HOW GAS AND ELECTRIC VEHICLES CAN SHIELD TZ FROM OIL SHOCKS

Development Talk Elly Manjale

Tanzania, like every country in the world, is feeling the adverse effects of the ongoing oil crisis caused by the USA/Israel-Iran conflict. Previous oil crises have occurred before and each time they happen, our economy has never been left unscathed. It is estimated that the total economic cost arising from the current crisis is about $1.7 billion due to a higher import bill, slower GDP growth and inflationary effects.

In the midst of such crises, the government normally intervenes. These interventions include supply regulation, subsidies and other temporary measures. However, such interventions do not solve the crisis permanently. They only provide a cushion to keep the economy running as supply is disrupted and prices spike.

To find a permanent solution to recurring oil crises, we need to examine our fuel imports and their subsequent use. Tanzania imports about five billion litres of oil annually, of which 60 per cent is diesel, 20 per cent petrol, 15 per cent jet fuel and kerosene, and 5 per cent heavy fuel oil. This means that 80 per cent of fuel imports are used for automotive purposes. A permanent solution must therefore address this demand — and the solution lies in gas and electric vehicles (GEVs). From what we have seen in the past, and what we are likely to see in the future, GEVs are no longer an option; they are an imperative.

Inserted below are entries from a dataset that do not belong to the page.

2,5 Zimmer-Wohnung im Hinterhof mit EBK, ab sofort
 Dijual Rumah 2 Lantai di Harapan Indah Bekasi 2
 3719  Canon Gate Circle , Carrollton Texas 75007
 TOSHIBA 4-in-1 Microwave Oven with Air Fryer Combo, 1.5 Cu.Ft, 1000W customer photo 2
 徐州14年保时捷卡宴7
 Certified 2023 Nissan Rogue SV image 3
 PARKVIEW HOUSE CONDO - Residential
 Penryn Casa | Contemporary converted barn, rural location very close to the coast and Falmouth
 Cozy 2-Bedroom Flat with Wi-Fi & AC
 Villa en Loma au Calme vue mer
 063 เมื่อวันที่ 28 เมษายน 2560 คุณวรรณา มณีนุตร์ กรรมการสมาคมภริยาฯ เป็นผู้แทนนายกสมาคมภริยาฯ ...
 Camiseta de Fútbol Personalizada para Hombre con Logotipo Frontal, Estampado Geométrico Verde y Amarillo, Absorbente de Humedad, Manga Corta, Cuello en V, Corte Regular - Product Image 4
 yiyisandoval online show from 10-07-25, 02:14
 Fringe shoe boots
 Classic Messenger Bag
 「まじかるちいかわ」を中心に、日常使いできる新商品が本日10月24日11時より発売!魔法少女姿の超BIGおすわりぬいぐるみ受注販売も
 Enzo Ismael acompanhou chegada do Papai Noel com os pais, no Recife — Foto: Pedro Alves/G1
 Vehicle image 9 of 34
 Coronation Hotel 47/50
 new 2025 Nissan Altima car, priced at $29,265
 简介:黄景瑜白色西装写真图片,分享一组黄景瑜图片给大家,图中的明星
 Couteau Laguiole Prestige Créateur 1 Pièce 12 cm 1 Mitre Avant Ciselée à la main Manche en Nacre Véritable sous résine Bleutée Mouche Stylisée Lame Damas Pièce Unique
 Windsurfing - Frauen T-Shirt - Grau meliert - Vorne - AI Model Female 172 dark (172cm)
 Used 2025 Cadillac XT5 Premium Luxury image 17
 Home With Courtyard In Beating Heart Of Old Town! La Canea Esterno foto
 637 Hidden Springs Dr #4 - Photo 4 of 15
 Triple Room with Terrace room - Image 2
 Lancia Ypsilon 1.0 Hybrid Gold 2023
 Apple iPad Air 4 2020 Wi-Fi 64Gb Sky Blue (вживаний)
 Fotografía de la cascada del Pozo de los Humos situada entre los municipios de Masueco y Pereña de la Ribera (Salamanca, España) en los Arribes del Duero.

Let me propose a clear roadmap for transitioning to GEVs. In the short term, compressed natural gas (CNG) offers the fastest path towards reducing oil import dependence. Converting long-distance buses, trucks and urban public transport can deliver immediate savings because the gas supply is domestic. However, gas should not be the final destination. Electric vehicles (EVs) represent the long-term future. EVs have lower operating costs and produce zero carbon emissions. As battery prices fall and charging infrastructure expands, EVs will become increasingly affordable.

I suggest a three-phase transition plan spread over a period of 10 years. In the first phase (0–3 years), Tanzania should prioritise CNG adoption for public and commercial transport. This should include establishing refuelling stations along key economic corridors such as Dar es Salaam–Morogoro–Dodoma and Dar es Salaam–Arusha. Government vehicles should also be included in this phase. The government must lead by example.

Phase two (3–7 years) should scale up both systems. The CNG network can expand to smaller towns, while efforts to accelerate electric mobility should focus on urban transport, especially boda bodas and bajajis. Policy measures such as reduced import duties and financing mechanisms will be critical at this stage.

Phase three (7–10 years) should focus primarily on electrification. Nationwide charging infrastructure and local assembly of EVs should be prioritised. Over time, stricter emission standards can gradually phase out internal combustion engine vehicles.

The proposed transition plan is expected to cost between $2 billion and $3 billion over a 10-year period, but savings could reach up to $1 billion annually. The transition should therefore not be viewed merely as an environmental undertaking, but as a pathway to economic resilience. By using natural gas as a bridge and electricity as the final destination, Tanzania can reduce its vulnerability to global oil shocks, lower transport costs and build a modern and sustainable energy system.